Sunday, October 29, 2000; Page X08


"I am a black female writer and I have no qualms whatsoever with people saying that I'm a black female writer. What I take umbrage with is the fact that some might try to use that identity--that which is me--as a way to ghettoize my material and my output. I am female and black and American. No buts are in that identity. Now you go off and do the work to somehow broaden yourself so you understand what America is really about. Because it's about me."

So said Gloria Naylor in the PBS series on African-American culture "I'll Make Me a World," and it fairly sums up her dismay at the marginalization of black literature by America's mainstream. Yet few have done more than this writer to make the culture of black America live on a page. With five published novels to her name, Naylor has taken firm ground in African-American letters, and, as her piece above suggests, she is eager to stake out new ways to give life to her craft.

She was born in New York City in 1950, but she claims her writer's heart "was conceived" in Robinsonville, Miss., where her parents once worked as sharecroppers. Her mother had little education but loved to read. In a brief speech that Book World printed earlier this year (Feb. 27), Naylor characterized her mother's love of books as so intense that she worked extra hours in the fields to earn enough to join a mail-order book club. (Libraries in the South would not admit blacks at the time.) When her mother encouraged her to read, Naylor listened. And when her mother handed her a journal and urged her to write down her 12-year-old's thoughts, she took the advice.

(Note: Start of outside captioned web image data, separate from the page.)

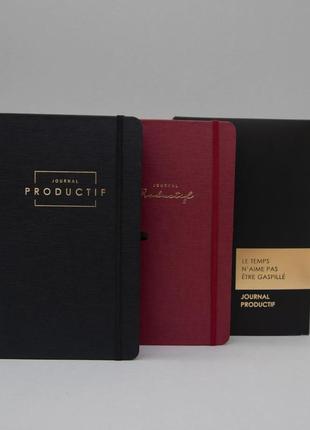 Щоденник productivity journal french, чорний2 фото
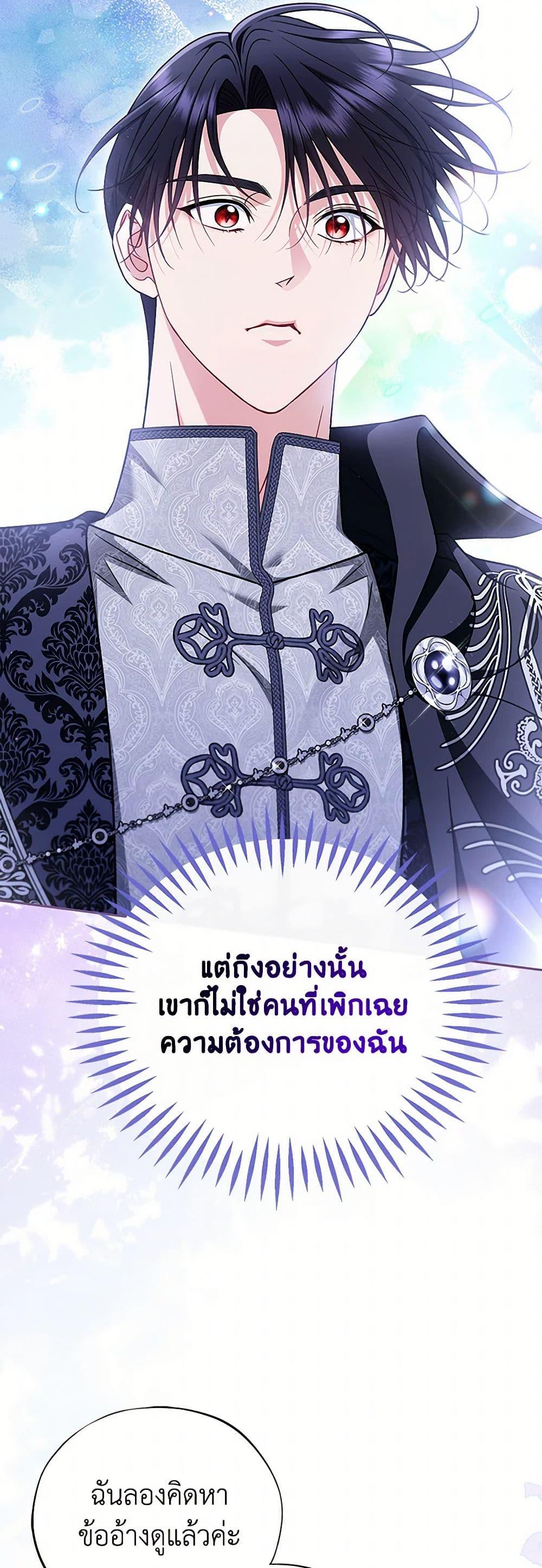 Manga-lc-com อ่านมังงะ อ่านการ์ตูน ออนไลน์ ฟรี I Will Become the Villain’s Poison Taster ตอนที่ 1 2 3 4 5 6 7 8 9 10 11 12 13 14 ฟรี ไม่มีโฆษณา Manga-lc - อ่าน มังงะ อ่าน การ์ตูน ออนไลน์ อ่านมังงะ ฟรี
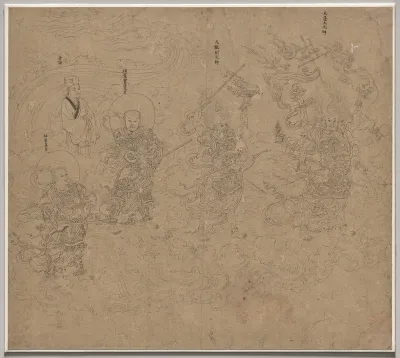 Album of Daoist and Buddhist Themes: Procession of Daoist Deities: Leaf 11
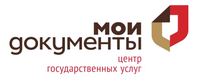 Центры госуслуг «Мои документы» г.Москвы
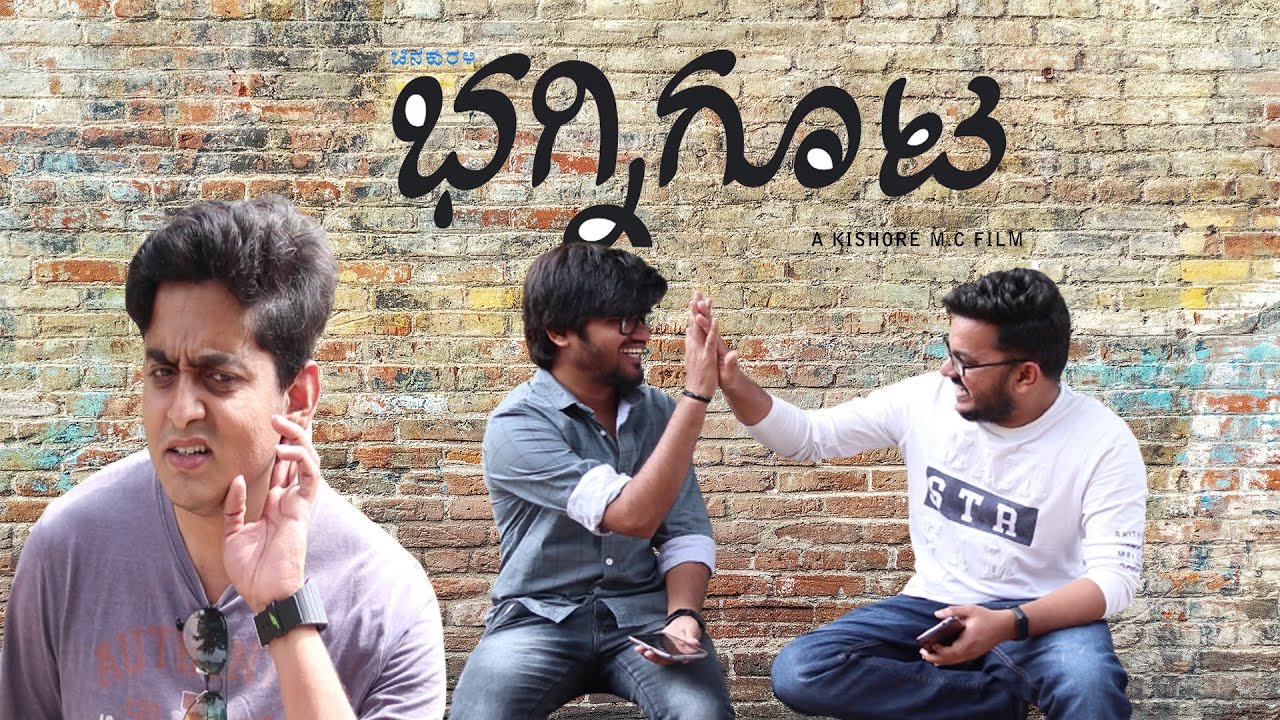 Chinkurali | Bagni goota (ಭಗ್ನಿಗೂಟ) | Kannada short film | E subs | Kishore M.C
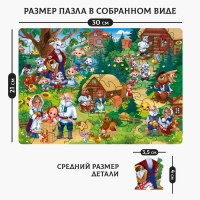 Фигурный пазл «Сказочное путешествие» + ребусы Фигурный пазл «Сказочное путешествие» + ребусы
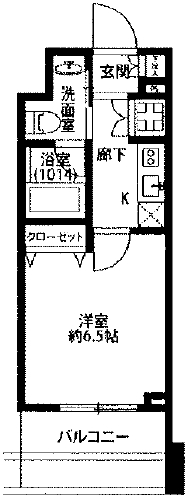 プレール・ドゥーク東京EASTⅣ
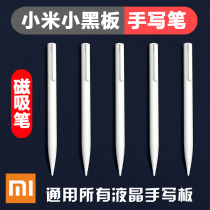 Xiaomi 10 inch 13 5 inch LCD small blackboard stylus Rice home writing board drawing board protective cover with storage pen slot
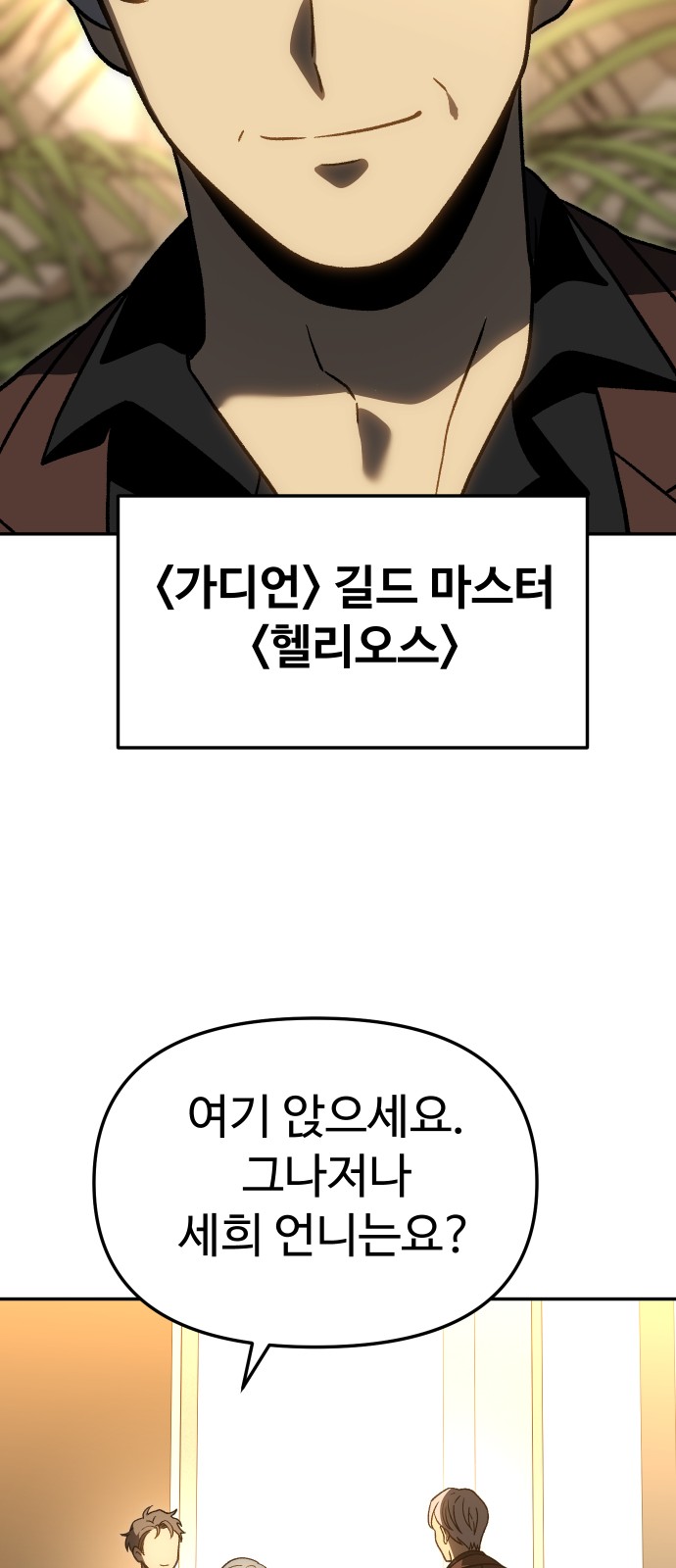111 페이지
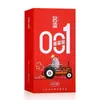 Condón de Celebridad Serie MO Set de Ácido Hialurónico Doble Carrera Hielo Fuego Doble Jiao Long Partículas de Larga Duración Productos Sexuales para Adultos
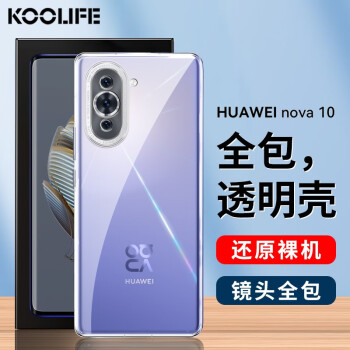 KOOLIFE 适用于 华为nova 10手机壳保护套 华为nova10手机套镜头全包简约亲肤透明软壳淡化指纹外背壳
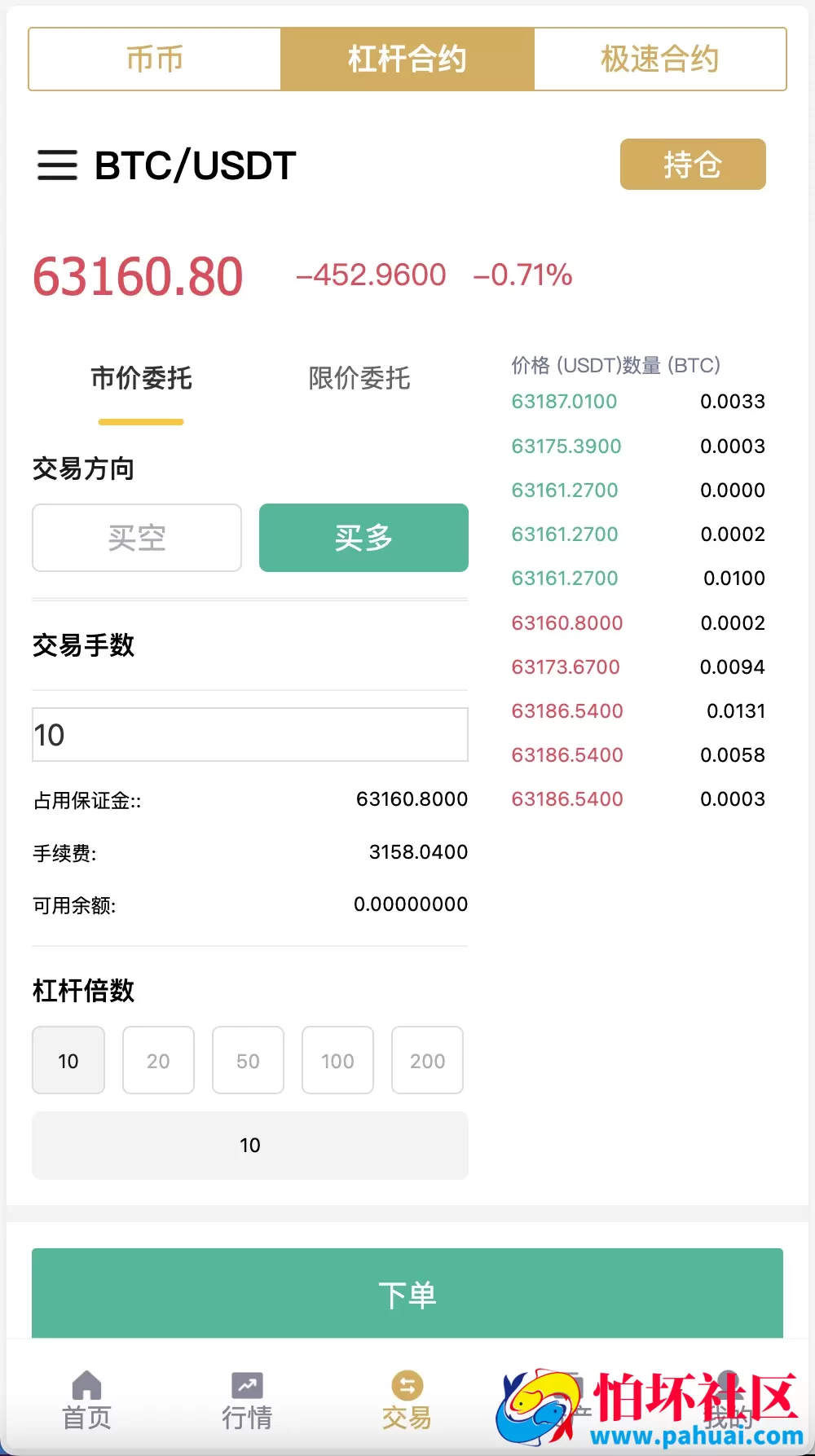 多语言Hoo虎符交易所源码 Dapp交易所 极速合约C2C贷款源码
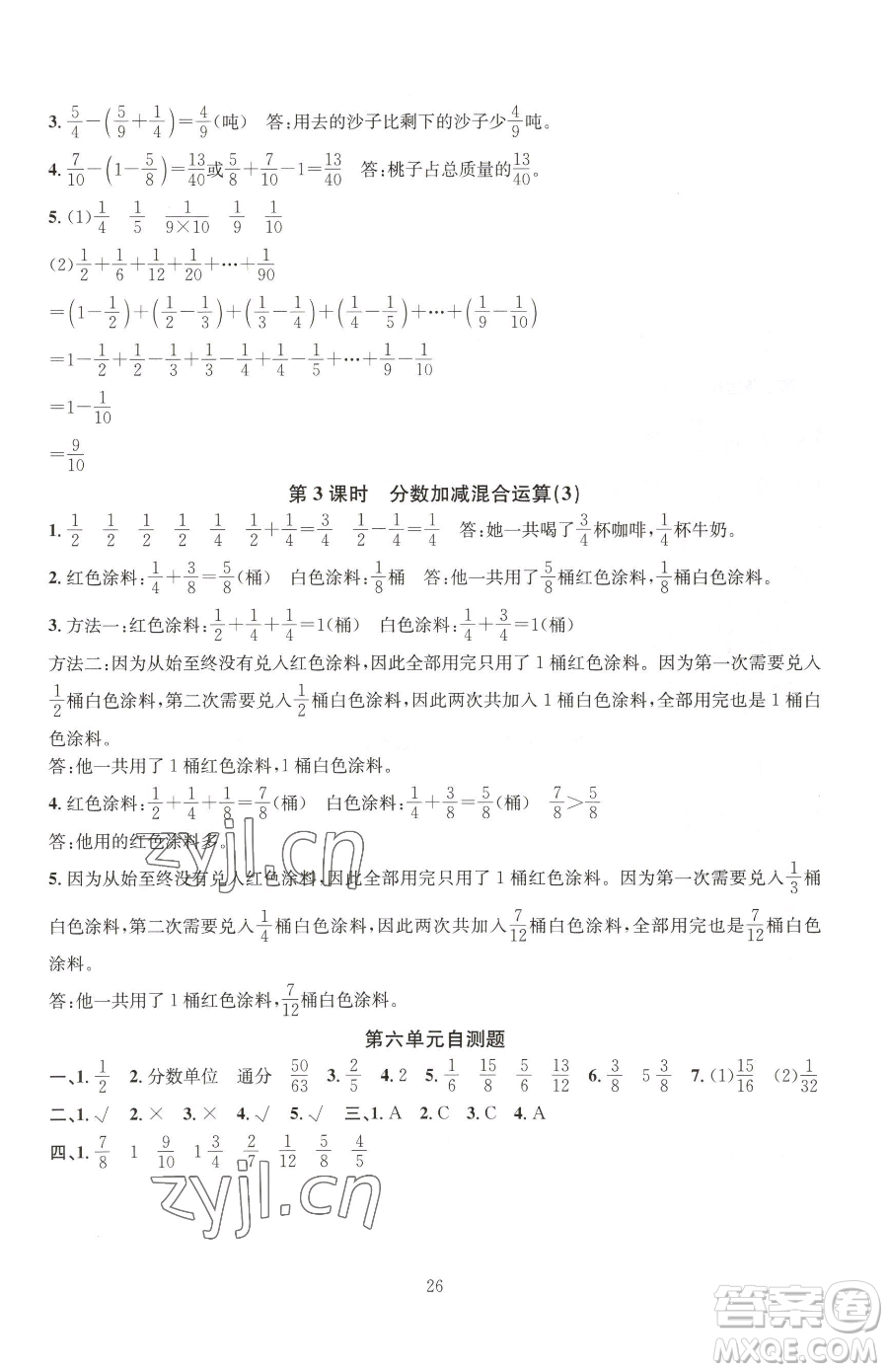 華東師范大學(xué)出版社2023華東師大版一課一練五年級(jí)下冊(cè)數(shù)學(xué)人教版A版參考答案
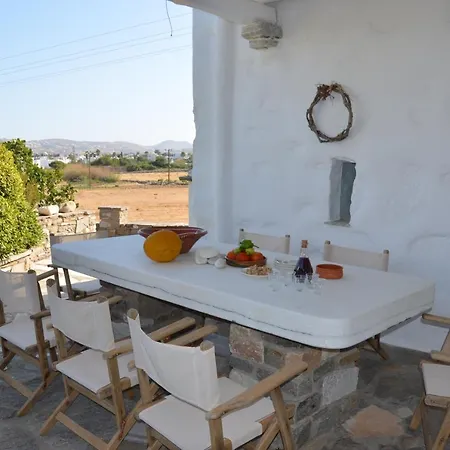 Tatil Evi Traditional Páros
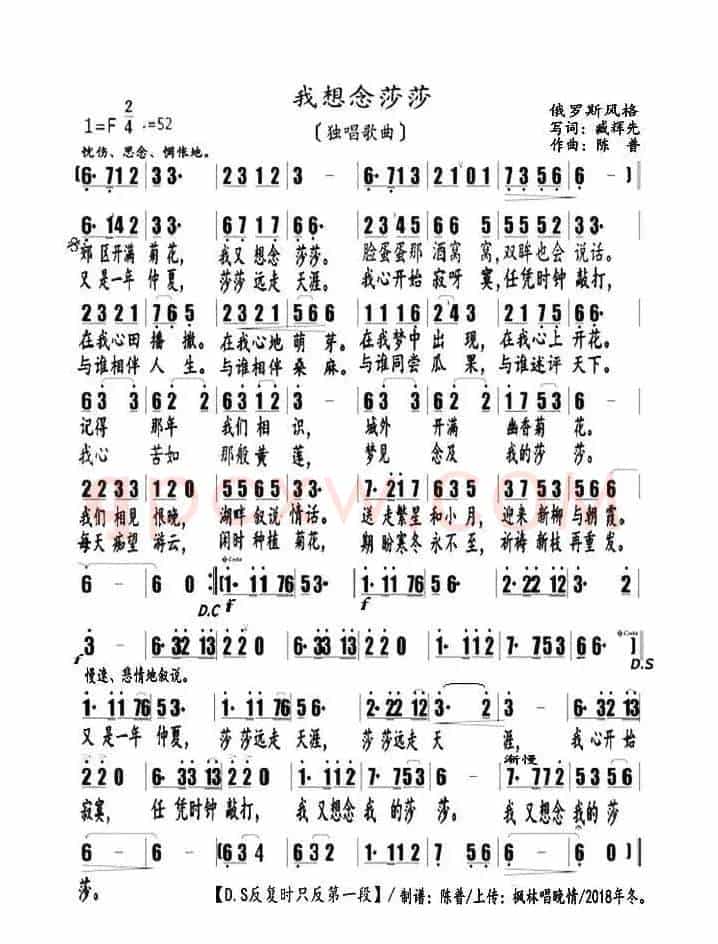 我想念莎莎（男声独唱）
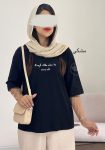 تیشرت-تکستA-یاسی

The family moved to Queens in 1963, and shortly thereafter Naylor's mother became a Jehovah's Witness. Five years later, Naylor followed. The missionary work nudged her out of a natural shyness and forced her to travel and meet people, but it also sealed her into a hermetic world, where she remained unaware of the boom of black literature that was exploding around her. When, in time, she left the Witnesses disillusioned and anxious about the world she felt was passing her by, she began full-time work as a switchboard operator. In off hours, she studied writing at Medgar Evers and Brooklyn colleges. She will say that it was in 1977, when she read Toni Morrison's The Bluest Eye, the first book she'd ever read by an African-American woman, that she was suddenly suffused with hope. She began to see the possibility of spinning tales about what she knew, to conceive of herself as a real writer. When she submitted a short story to Essence magazine, the editor convinced her she had a career.

Naylor finished her first novel, The Women of Brewster Place, a heart-wrenching story of seven women in a seedy urban neighborhood, just as she began graduate work at Yale. When it was published in 1983, it won rapid fame. Five years later it was made into a movie starring Oprah Winfrey. Naylor has followed that success with more novels about love and survival in America: Linden Hills (1985), Mama Day (1988), Bailey's Cafe (1992) and, most recently, The Men of Brewster Place (1998). Apocalypse, morality, transcendence, redemption--echoes, perhaps, of her days as a Witness--are what take center stage in her novels. But it is racism and politics that lurk in the wings.

She has reason for this. To be black in America, according to her, is a political construct. Just as it took time to feel she had a voice, she says, "we have yet to feel within this country that we are home."